Estaba, como siempre, en otro intento nefasto de coquetear con Bianca.
—Buongiorno, Calista —me saludó con un gesto exagerado.
Lo ignoré olímpicamente y me concentré en Bianca, a quien le entregué las llaves de mi apartamento.
—Ni siquiera respondes mis buenos días —me reprochó Martino, ofendido—. Yo no tengo nada que ver con tus dramas con Valentín.
Me ericé como un gato, literal, al escuchar ese nombre prohibido.
—No menciones ese nombre aquí o te vetaré la entrada a esta veterinaria de por vida.
Se calló al instante, mientras Bianca escondía una sonrisa divertida.
—Cuida bien de ellos, ¿de acuerdo? —le pedí.
—Por favor, Calista, basta —respondió riendo—. No es la primera vez que cuido de Greta y del Inspector. Ya sé todo el manual: que no les das atún después de las ocho, que Greta odia a los turistas que le tocan el lomo y que el Inspector solo come croquetas de salmón.
—Lo sé, lo sé… —murmuré—. Es solo que no quiero que pase nada raro.
—¿Qué podría pasar? —me guiñó un ojo—. Yo los amo, ellos me aman y…
—¡Y yo te amo! —interrumpió Martino con voz soñadora, como si estuviera en un anuncio de perfume barato.
Hice un sonido de arcada.
—Das vergüenza, Martino.
Él se encogió de hombros sin importarle en lo más mínimo.
—Tú no lo entenderías —me replicó con aire filosófico—. No sabes lo que es el amor.
Lo peor es que tenía razón. No entendía el amor, y sospechaba que nunca estaría destinada a hacerlo. Mi vida sentimental era como un reality show cancelado en la primera temporada: sin drama suficiente para enganchar y sin romance suficiente para inspirar.
Arrastré mi maleta a la salida, cuando Martino se interpuso.
—¿En serio no vas a decirnos a dónde vas?
—¿Para qué? ¿Para que corras a chismearle a Valentín?

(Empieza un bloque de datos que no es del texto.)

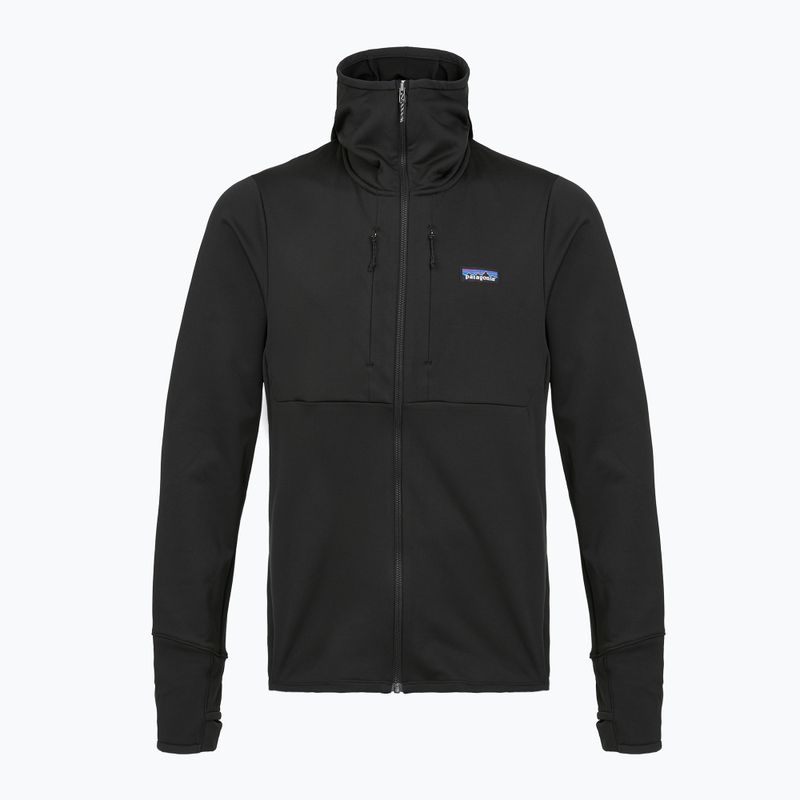 Bluza trekkingowa męska Patagonia R1 Thermal Full Zip Hoody black 5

No, grazie.
—¿Qué escuché? —fingió sorpresa—. ¿De casualidad escuché el nombre prohibido en esta veterinaria?
Estuve a un segundo de lanzarle la maleta en la cabeza, pero el muy cobarde salió disparado hacia Bianca, buscando refugio como un niño detrás de su mamá.
Y justo cuando iba a cruzar la puerta, entró Gianluca.
—¿Qué te toma tanto tiempo?
—Estaba por salir —respondí, mientras le lanzaba una mirada de muerte a Martino por última vez.
Gianluca, con esa calma natural suya, tomó mi maleta como si no pesara nada y salimos juntos de la veterinaria, dejando atrás el caos y los pelos de perro. Sentí un alivio extraño, como si pudiera respirar otra vez, aunque con una punzada de tristeza: me estaba alejando de lo que me devoraba los pensamientos, pero también me alejaba de algo que, por alguna razón masoquista, quería cerca.
Y como si mis pensamientos lo hubieran invocado, la puerta del bar se abrió y él apareció.
Mi corazón se aceleró, pero no de forma romántica. Más bien como cuando ves una cucaracha voladora y no sabes si correr o prender fuego a la casa.